Family Dinner Theater

Hometown Heroes, Odd Jobs, People
on February 24, 2002

The Emter family serves up roast beef, old-time music, and warm feelings, all in generous portions, at its dinner theater in Jamestown, N.D. (pop. 15,527).

The six Emters have fed and entertained more than 20,000 guests since they opened their dinner theater on Memorial Day of 1999. In addition to nourishment, they offer what is otherwise growing in short supply—accordion music and family togetherness.

“By their smiles, you can tell this family really enjoys working with each other,” says Vivian Sheets, 75, who drove 43 miles from Carrington, N.D., with her husband, Glenn, to see the Emter family perform for the first time. “You can see there’s a lot of love and understanding between them.”

The Emters—father Roger, mother Renae, and children Adam, 20, Angelina, 18, Alida, 17, and Abigail, 15—all wear broad, infectious smiles when they’re playing polka music on the small stage of their warehouse-style dinner theater, which seats 100 guests. The smiles on their attractive, wholesome faces aren’t phony.

“We have our fights like any family, but most of the time it’s wonderful being together,” Abigail says.

Although it’s an odd relationship to have parents and children as business partners, the arrangement has brought the family closer than it otherwise would be. “It’s drawn us closer as a unit,” Angelina says. “We each have our separate jobs, but we have to work as a unit, too.”

The Emters do more than perform at their theater. Roger is the engineer, Renae the accountant, Adam the webmaster, Alida the gift shop manager, Angelina the music arranger, and Abigail the showroom designer. Plus, all six serve the food, clear the tables, and wash the dishes, meaning most work days last nine hours.

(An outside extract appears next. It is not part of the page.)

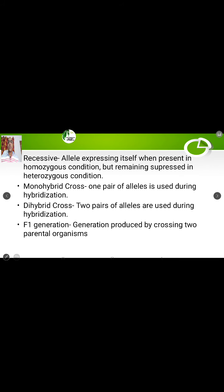Now come to recessive condition. A recessive allele can express itself only when present in homozygous condition. Small t small t is homozygous, so the plant will be dwarf. But if the recessive allele small t is associated with the dominant allele in a heterozygous condition, it cannot express itself.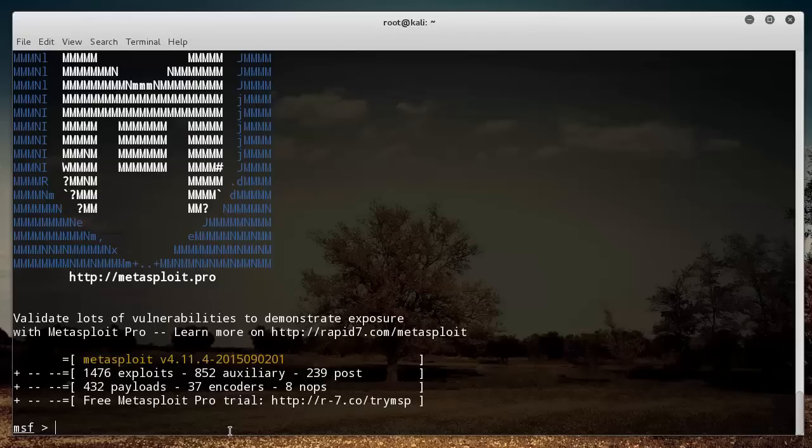So whenever you become an actual pen tester and a company hires you, make sure that you have written permission. So with that said, let's go ahead and get started.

“Performing is always fun, but the dishes get old,” Adam says. “No one likes doing dishes for a family of four or five, much less dirty dishes for 80 or 90. But the fun of performing makes up for the dishes.”

Renae plays the keyboard, while Roger and their four children play button accordions, which have typewriter-like buttons to push, unlike a standard accordion’s piano-like keys. The children also play at least one other instrument and all six sing.

When all five accordions are playing a polka or patriotic song, the room is full of energy. Toes tap among the crowd, which is composed mostly of people over 50.

But the crowd is emotionally moved the most when Abigail and Alida team up to perform A Sister’s Love, a song they wrote together. The refrain of the song, which they dedicated to Angelina, goes “best friends we’ll always be.”

They’ve been best friends and classmates. Renae and Roger began homeschooling their children in 1992 to provide the flexibility to travel for performances. The homeschooling allowed them to perform more than 750 shows throughout the United States, Canada, and Mexico, including appearances at the Kennedy Center and on Garrison Keillor’s A Prairie Home Companion radio show.

“What makes us so unusual is that we not only perform together, but we’ve had an extra four hours a day spent together a day because of the homeschooling,” Roger says. “We have literally spent our entire lives together. We perform together, go to church together, and have fun together. We’re rarely apart.”

That desire to stay together is what motivated the family to establish the dinner theater. Adam had reached college age and Angelina and Alida were close behind, so the Emter family needed a stable performing venue if it was to continue spreading good feelings.

Ruby Prochnow of Jamestown is among the Emters’ guests who are happy that they did. “You see people come here with broad smiles and leave with smiles even broader,” she says. “People are just in awe of how they keep teenagers involved in a family group. It’s a real inspiration to families to see that it’s possible.”